This post is not necessarily for those who own and have owned a MacBook Air or Macbook Pro for some time (I think, anyway). This post is for those of you who are considering purchasing a MacBook, or, like me, just purchased one. The following five tips are my initial discoveries as I have played with this new toy.
1. Collaborate Online with Pages, Keynote, and Numbers
The best thing is not that these apps are free (very cool, by the way), but that they work similarly to Google Docs. Share out the link of your document with anyone, and they can revise and edit the same file from their web browser. No Apple products needed on their end. I used this feature to have someone else review and revise a staff social flyer.
2. Mirror Your Screen Via Apple TV, Reflector, or Air Play
I didn’t realize I could do this with a MacBook, until I saw the rectangle with the triangle inside it on the top right of my screen. I knew iPads worked well with this technology, but hadn’t considered it for my laptop. I have already used this feature to project minutes I was taking during a staff meeting.
3. Dictate Speech
My son has a book blog for his independent reading. When we opened up the browser to post his next entry, I found under the “Edit” menu the option to “Start Dictation”. He spoke, and the words rolled out. It was very accurate, and it allowed us to fix any simple errors. This can be a huge benefit for students with special needs, ELL students, and just disengaged writers.

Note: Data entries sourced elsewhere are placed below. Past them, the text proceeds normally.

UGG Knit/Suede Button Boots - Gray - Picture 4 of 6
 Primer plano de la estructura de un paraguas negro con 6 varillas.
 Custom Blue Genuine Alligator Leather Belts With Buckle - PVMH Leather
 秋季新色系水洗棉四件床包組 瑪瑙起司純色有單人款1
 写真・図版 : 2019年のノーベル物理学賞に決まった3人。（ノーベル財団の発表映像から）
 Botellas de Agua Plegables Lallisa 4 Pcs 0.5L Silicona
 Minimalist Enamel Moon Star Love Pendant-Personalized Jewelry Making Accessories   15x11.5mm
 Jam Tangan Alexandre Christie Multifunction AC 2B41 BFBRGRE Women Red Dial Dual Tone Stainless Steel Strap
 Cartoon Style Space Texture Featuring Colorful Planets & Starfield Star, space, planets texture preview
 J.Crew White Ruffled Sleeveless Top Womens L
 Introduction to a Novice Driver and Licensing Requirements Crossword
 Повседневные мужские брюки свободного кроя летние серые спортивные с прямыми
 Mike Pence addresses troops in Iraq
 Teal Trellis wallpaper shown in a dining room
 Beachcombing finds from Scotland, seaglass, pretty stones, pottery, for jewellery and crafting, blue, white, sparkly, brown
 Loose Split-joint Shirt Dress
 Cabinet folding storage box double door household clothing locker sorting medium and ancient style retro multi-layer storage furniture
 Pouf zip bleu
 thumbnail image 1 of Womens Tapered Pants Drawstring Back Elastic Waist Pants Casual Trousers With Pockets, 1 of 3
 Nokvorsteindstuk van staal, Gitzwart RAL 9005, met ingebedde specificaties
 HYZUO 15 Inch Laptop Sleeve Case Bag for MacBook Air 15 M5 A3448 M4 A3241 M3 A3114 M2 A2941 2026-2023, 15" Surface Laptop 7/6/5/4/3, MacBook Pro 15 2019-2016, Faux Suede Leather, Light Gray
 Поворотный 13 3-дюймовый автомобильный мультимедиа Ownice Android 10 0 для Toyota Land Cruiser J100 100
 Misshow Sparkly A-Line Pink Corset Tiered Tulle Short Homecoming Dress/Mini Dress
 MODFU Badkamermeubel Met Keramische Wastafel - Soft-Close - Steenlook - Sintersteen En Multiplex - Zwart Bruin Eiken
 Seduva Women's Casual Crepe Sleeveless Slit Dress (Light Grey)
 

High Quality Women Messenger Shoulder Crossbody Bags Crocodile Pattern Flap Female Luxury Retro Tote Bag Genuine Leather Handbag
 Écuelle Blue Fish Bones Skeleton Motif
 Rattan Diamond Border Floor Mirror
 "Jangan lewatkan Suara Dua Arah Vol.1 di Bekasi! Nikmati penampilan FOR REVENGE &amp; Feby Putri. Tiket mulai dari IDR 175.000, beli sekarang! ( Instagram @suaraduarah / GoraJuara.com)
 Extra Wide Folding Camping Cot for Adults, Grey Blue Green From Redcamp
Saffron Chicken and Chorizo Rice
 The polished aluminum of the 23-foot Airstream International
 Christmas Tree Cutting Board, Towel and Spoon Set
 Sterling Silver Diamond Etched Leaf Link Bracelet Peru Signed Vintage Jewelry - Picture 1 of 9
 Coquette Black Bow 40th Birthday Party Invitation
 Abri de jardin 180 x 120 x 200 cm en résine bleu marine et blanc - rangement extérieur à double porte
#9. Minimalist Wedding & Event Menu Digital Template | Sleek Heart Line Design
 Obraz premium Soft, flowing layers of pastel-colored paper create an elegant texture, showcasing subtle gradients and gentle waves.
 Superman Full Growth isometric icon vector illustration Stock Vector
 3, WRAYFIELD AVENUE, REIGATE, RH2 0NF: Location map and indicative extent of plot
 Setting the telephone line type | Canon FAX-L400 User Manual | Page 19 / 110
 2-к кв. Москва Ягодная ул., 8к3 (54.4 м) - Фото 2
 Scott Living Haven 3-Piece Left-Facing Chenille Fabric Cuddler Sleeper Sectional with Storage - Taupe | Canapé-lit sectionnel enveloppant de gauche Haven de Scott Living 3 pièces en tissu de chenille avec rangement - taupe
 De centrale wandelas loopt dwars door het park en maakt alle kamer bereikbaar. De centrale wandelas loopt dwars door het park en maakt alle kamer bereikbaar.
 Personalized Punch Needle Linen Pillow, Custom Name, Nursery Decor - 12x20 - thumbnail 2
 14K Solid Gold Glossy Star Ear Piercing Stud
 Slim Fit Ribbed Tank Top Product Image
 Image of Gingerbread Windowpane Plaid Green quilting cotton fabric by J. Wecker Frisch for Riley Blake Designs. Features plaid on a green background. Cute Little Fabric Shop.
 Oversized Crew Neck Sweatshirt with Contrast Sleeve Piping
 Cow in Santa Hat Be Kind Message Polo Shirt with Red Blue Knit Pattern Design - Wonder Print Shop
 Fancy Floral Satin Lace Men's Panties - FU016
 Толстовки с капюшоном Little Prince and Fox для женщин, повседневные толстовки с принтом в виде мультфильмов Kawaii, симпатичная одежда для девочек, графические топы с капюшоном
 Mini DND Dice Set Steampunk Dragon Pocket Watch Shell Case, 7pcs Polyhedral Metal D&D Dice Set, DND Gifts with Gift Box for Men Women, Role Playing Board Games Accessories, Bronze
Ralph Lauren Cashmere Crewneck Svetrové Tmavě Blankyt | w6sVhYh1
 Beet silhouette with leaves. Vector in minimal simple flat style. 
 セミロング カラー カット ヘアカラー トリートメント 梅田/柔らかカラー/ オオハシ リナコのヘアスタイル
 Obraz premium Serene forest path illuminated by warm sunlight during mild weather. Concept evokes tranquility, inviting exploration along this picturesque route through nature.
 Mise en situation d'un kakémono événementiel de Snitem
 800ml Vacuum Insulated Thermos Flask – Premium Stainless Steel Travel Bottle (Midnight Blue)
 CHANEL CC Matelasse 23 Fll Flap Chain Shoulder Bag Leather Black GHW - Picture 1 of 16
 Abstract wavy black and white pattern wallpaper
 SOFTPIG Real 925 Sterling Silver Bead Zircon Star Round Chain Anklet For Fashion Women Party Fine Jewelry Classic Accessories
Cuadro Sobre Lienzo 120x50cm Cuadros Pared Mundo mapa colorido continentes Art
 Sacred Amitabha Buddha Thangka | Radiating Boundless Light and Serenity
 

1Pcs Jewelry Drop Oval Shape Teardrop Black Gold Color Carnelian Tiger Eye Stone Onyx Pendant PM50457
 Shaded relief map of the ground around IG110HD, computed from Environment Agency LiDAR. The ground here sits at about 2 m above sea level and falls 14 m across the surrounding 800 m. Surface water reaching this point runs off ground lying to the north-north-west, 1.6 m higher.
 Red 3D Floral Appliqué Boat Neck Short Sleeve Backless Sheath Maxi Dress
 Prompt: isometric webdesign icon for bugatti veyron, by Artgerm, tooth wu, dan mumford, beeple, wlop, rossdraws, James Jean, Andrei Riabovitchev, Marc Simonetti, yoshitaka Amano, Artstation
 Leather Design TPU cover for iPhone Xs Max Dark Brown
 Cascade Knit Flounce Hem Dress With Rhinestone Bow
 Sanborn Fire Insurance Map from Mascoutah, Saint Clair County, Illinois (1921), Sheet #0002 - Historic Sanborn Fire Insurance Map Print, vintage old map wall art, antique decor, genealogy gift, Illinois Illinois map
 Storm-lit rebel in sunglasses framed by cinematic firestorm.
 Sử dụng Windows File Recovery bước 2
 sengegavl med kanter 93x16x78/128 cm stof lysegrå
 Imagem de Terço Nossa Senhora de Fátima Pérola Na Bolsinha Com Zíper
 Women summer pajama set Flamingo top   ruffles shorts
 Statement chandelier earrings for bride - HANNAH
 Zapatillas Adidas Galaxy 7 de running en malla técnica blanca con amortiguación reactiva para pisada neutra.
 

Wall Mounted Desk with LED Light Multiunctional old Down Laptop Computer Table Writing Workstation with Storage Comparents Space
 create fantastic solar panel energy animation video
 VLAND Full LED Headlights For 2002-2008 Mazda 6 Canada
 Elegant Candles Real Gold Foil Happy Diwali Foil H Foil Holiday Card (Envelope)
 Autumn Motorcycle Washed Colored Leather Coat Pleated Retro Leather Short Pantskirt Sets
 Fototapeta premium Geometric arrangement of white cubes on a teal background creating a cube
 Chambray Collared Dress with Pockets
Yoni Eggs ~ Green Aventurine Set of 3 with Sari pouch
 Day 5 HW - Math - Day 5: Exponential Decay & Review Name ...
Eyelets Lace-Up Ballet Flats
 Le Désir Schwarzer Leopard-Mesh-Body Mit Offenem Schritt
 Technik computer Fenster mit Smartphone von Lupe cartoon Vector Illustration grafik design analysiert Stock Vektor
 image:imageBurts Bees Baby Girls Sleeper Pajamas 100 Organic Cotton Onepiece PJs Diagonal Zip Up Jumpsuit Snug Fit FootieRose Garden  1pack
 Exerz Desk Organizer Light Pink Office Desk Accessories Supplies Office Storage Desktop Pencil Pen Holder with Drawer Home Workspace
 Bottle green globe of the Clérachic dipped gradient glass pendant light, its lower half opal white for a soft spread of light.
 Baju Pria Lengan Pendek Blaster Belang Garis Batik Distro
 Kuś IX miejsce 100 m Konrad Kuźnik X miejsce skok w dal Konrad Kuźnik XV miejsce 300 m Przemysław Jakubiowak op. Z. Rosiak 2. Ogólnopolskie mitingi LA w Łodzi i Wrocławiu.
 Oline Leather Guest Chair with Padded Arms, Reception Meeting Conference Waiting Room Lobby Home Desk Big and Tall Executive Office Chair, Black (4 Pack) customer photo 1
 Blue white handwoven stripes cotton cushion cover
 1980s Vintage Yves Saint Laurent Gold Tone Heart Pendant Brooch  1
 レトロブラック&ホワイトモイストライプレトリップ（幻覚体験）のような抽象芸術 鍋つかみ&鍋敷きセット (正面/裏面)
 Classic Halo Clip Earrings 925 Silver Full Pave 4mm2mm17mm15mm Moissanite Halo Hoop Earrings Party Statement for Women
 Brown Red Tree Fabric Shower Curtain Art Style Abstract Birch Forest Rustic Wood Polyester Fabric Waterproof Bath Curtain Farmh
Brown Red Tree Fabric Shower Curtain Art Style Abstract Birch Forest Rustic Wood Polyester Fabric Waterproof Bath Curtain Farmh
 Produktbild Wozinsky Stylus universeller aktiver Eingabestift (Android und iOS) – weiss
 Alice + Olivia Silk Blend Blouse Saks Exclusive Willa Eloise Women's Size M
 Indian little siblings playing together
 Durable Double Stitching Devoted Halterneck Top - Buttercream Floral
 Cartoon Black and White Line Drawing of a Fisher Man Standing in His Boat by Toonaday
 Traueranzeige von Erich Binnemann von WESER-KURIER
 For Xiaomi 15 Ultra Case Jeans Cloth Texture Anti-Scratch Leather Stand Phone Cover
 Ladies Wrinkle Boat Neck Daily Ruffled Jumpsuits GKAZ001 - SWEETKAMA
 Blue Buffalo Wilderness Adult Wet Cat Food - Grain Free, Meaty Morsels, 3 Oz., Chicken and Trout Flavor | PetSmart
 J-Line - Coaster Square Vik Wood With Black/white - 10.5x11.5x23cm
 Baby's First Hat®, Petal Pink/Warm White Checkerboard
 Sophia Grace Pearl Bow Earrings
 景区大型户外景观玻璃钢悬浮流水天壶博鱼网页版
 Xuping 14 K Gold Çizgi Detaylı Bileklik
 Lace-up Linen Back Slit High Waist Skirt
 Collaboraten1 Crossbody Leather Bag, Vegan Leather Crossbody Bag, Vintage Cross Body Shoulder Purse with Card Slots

4. Use Your iPhone to Control your Keynotes on the MacBook
I saw someone do this at a conference and had to try it out for myself. Download Keynote on your iPhone, and it will also serve as a slide remote for the presentation you have on your MacBook. No longer do you have to mirror your content from your iPad to the computer, which can be tricky if you are presenting in a conference center with poor wireless reception.
This might be the biggest reason I went with a MacBook Air over a Windows-based laptop. The images I capture with my iPhone or iPad are collected in my iCloud account, which can be accessed from my MacBook. I don’t have to upload anything; they’re just there.